現在、僕の通常使用機材はソニー機だけど、天体写真機材はキヤノンのまま...というのは凄っく嫌なので、通常使用機材を SONY α9 の2台体制にしてから使う機会が殆ど無くなった SONY α7Ⅱ を天体写真用に改造してもらった。 オトナの事情や比較検討などは別として、キヤノンのデジタルカメラを使う事は無さそうだ。


透過波長域を改造した SONY α7Ⅱ

SONY α7Ⅱをアストロカメラに改造するのは、高感度特性が良いから...じゃなく、ただ単に余ったからなのだ。 とはいえ、改造に値するカメラなのかを確認しておく必要はある。
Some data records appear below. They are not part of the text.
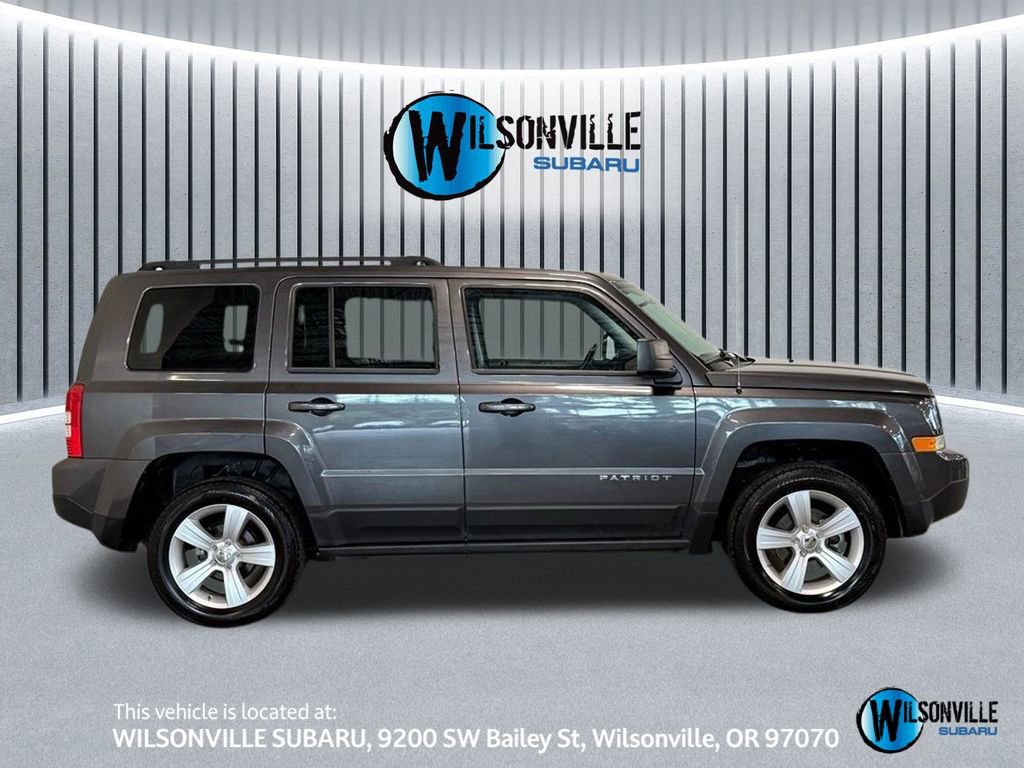 Used 2014 Jeep Patriot Latitude w/ Sun/Sound Group image 14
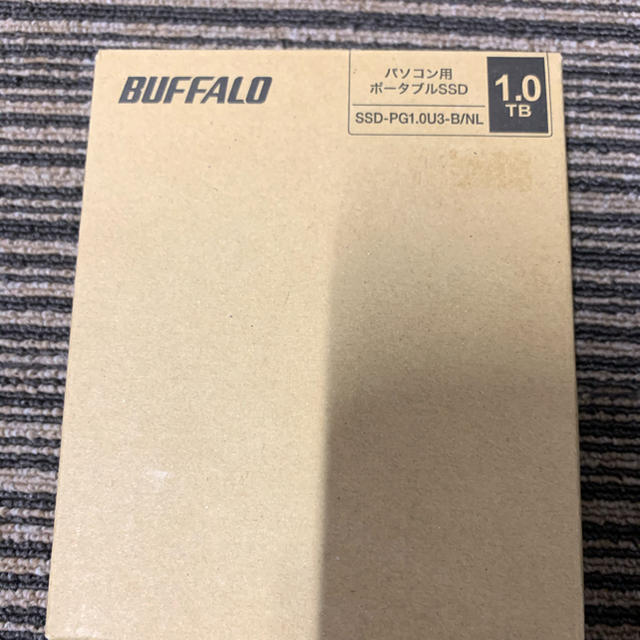 Buffalo(バッファロー)の外付けSSD(1TB) スマホ/家電/カメラのPC/タブレット(PC周辺機器)の商品写真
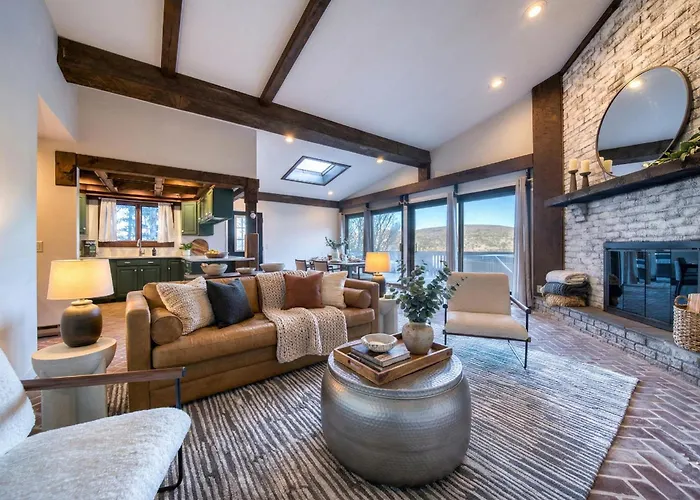 The Haues Windham - Spacious Suites, Gym, Mountain Views!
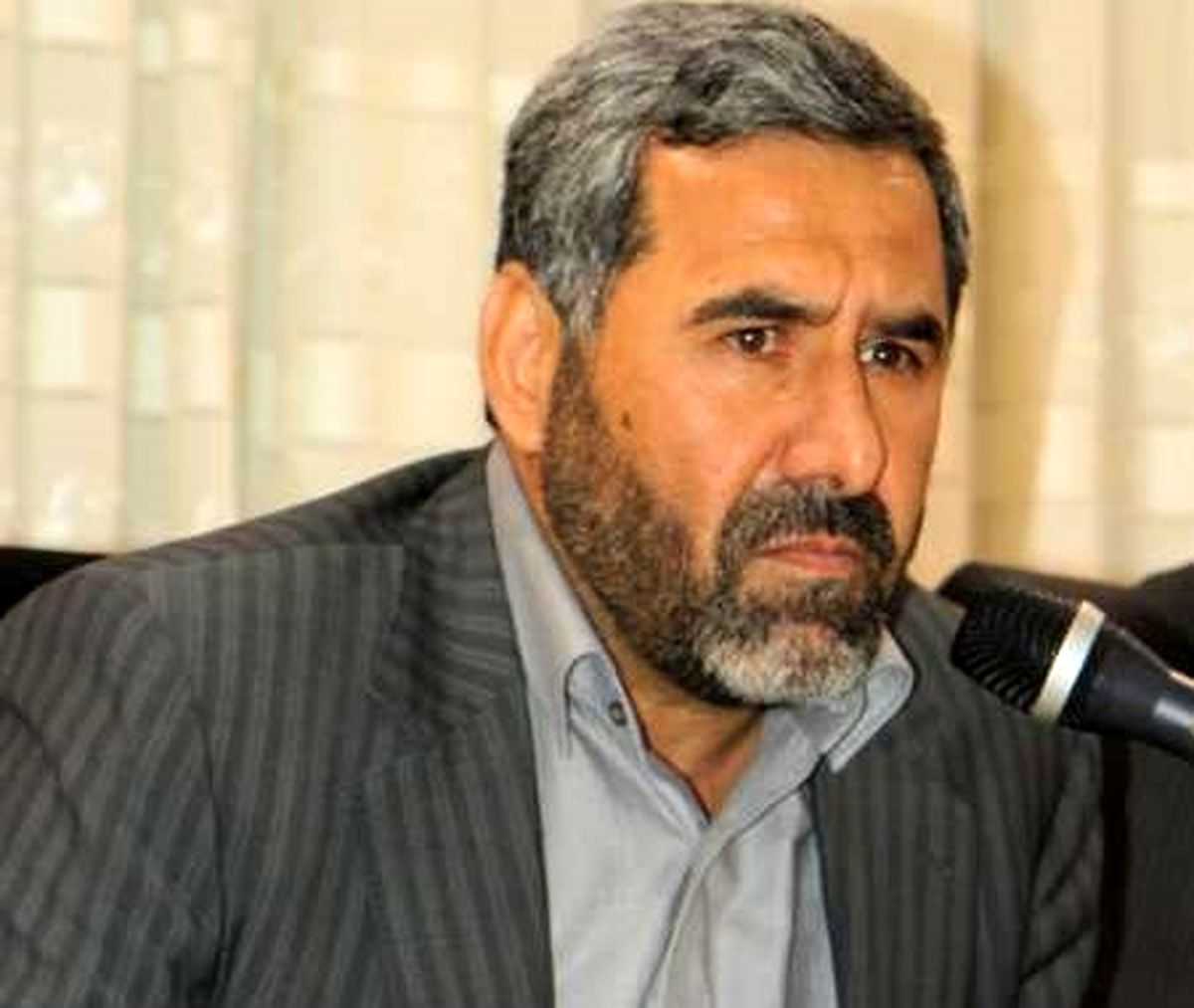 کاتب:غول بیکاری و از هم پاشیدگی اقتصادی جوانان را تهدید می‌کند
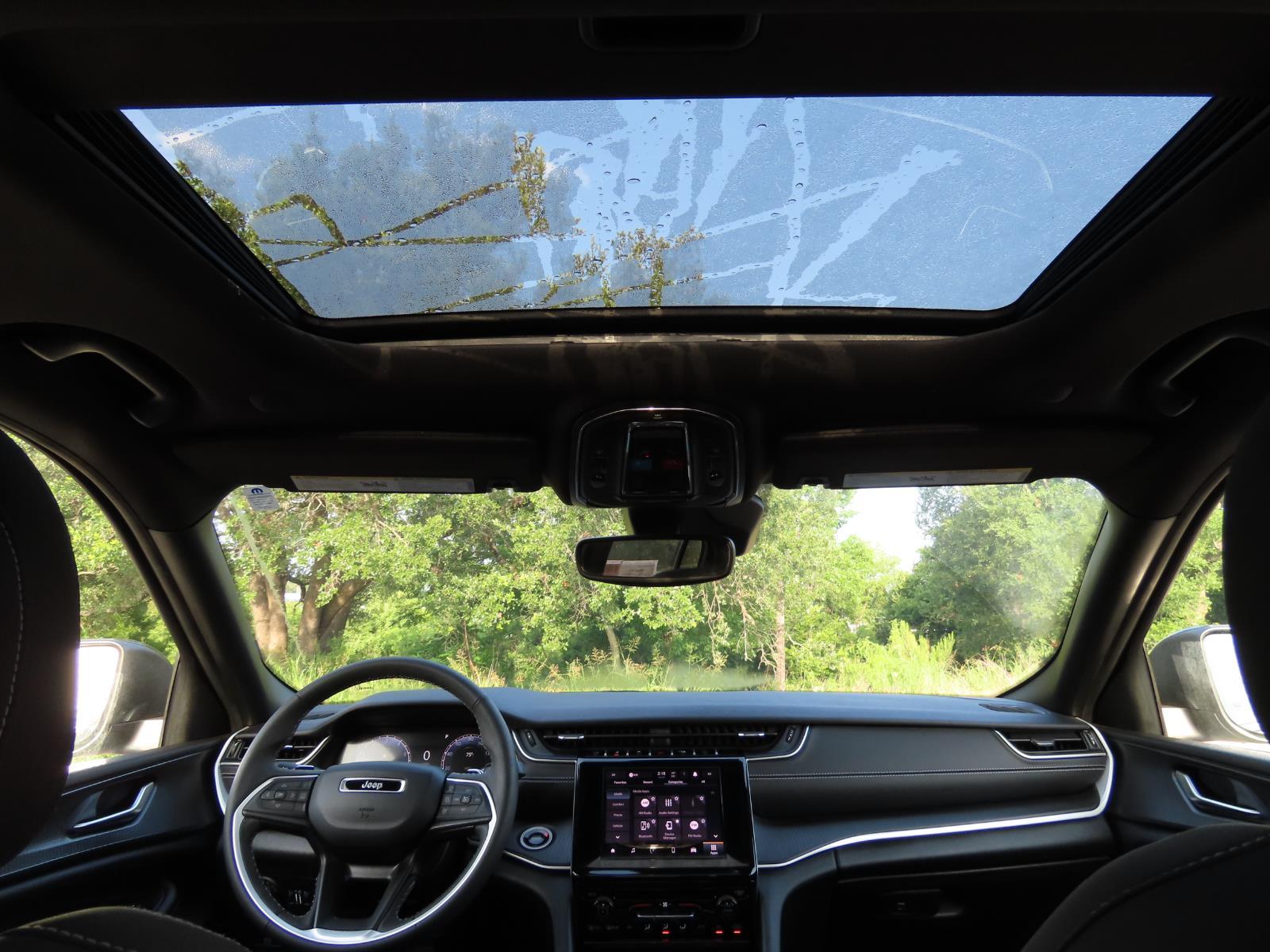 2024 Jeep Grand Cherokee Laredo X photo 3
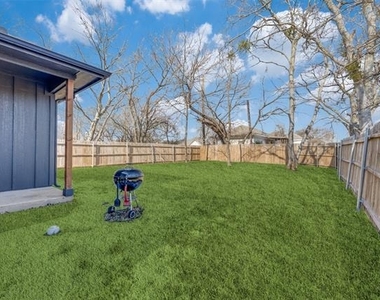 1429 E Odneal Street - Photo Thumbnail 10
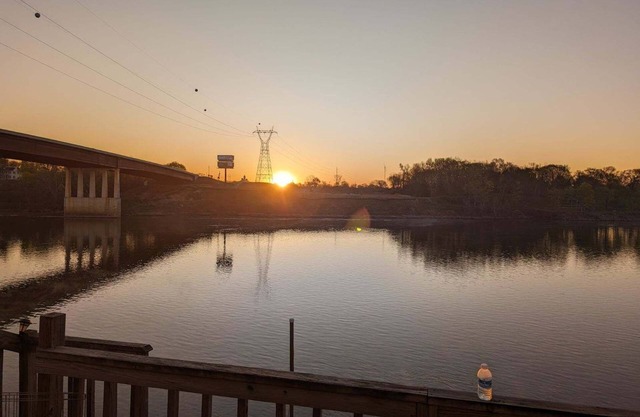 Wonderful cottage on the Tennessee River Crump Tn.
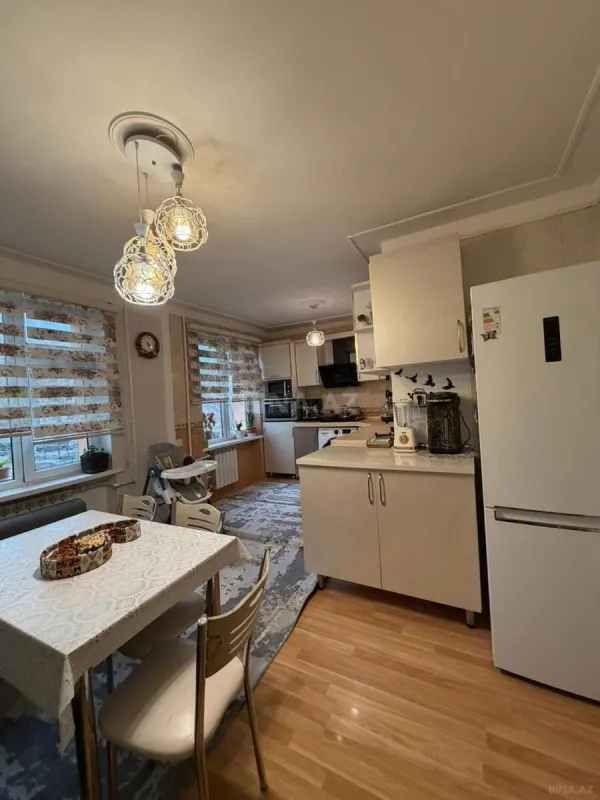 Satılır 4 otaqlı mənzil 70 m²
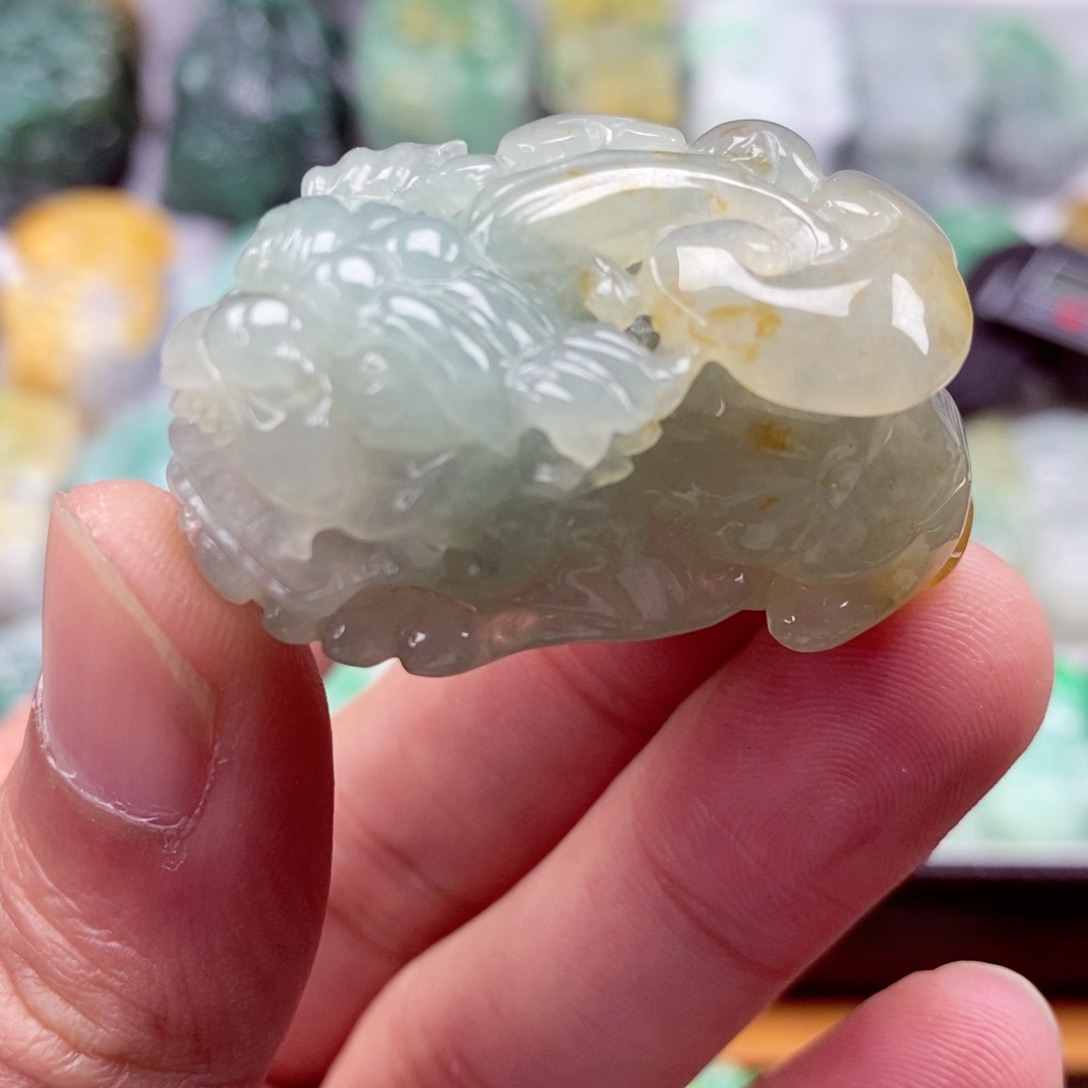 翡翠颈饰未镶嵌翡翠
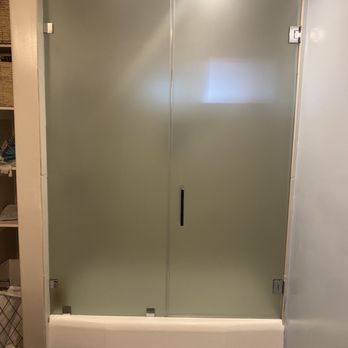 Loreto Glass Installation - Frosted bath enclosure - Glass & Mirrors Near Me Loreto Glass Installation - Frosted bath enclosure - Glass & Mirrors Near Me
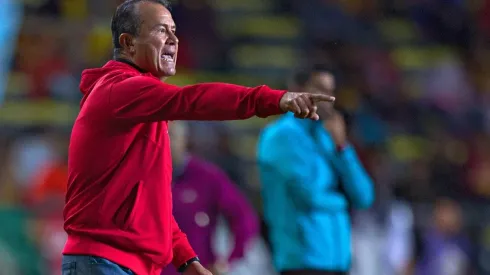 Flores fue estratega del Rebaño del 2007 al 2009.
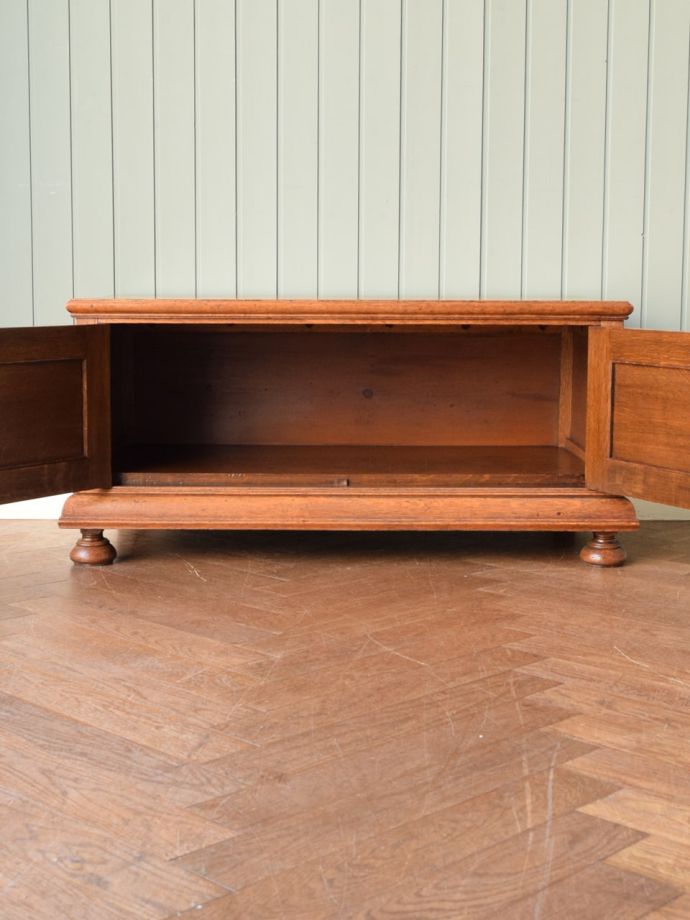 サイドボードの扉の中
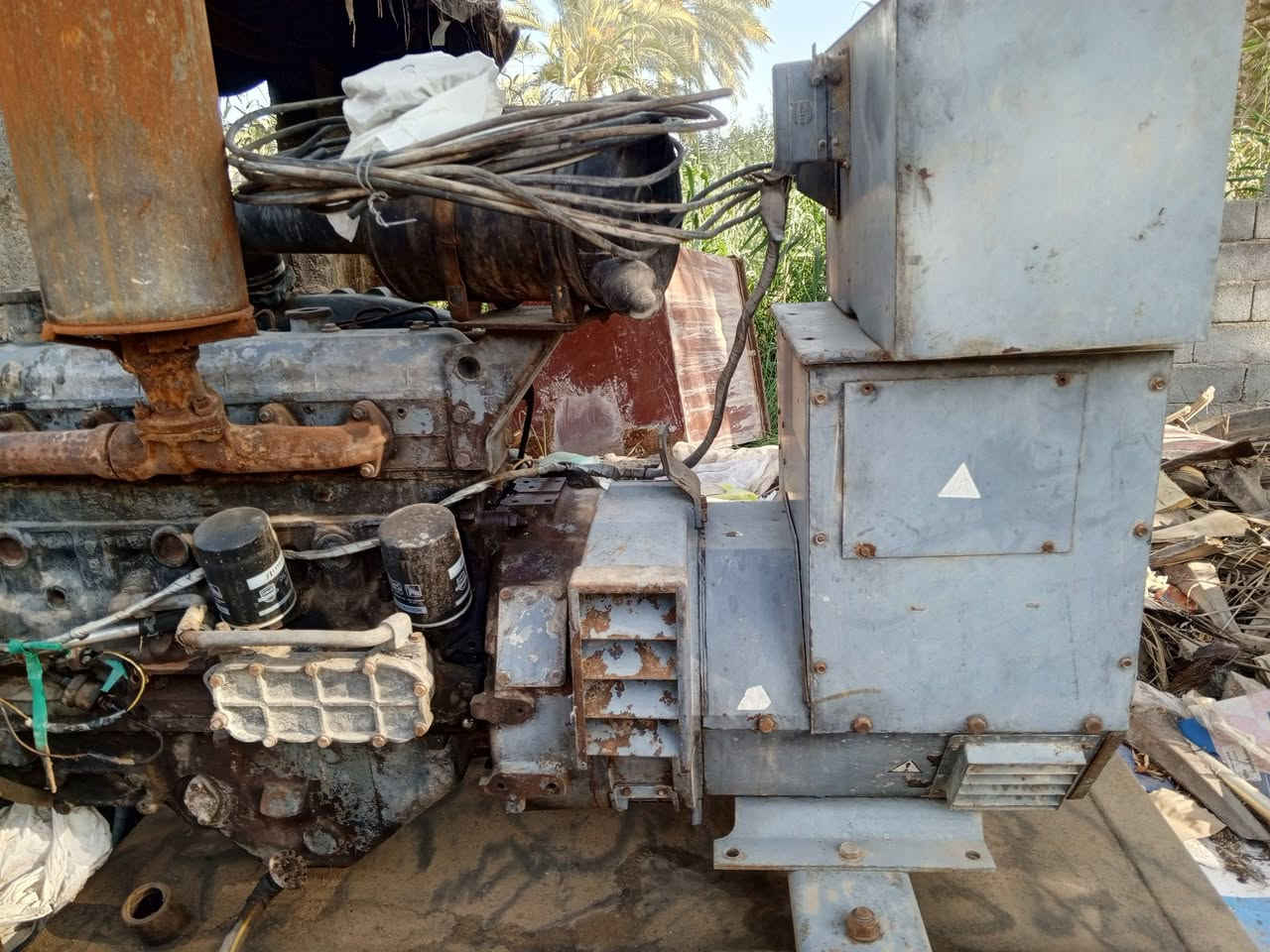 افيكو 104 اصل مولدة بيها تبخير بي ما تنقص راس تولد 80kva سعرها مناسب للتواصل ***********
SONY α7Ⅱは天体写真撮影に向くのだろうか? SONY α7Ⅱにはボディー内手振れ防止機構が入っているので、センサーがガッチリ固定されていないため有利とは言えないし、SONY α7Ⅲなどの裏面照射方センサーの方が感度やノイズなどは絶対良いハズだ。 そこで、Photons to Photosでセンサーの素性をチェックしてみた。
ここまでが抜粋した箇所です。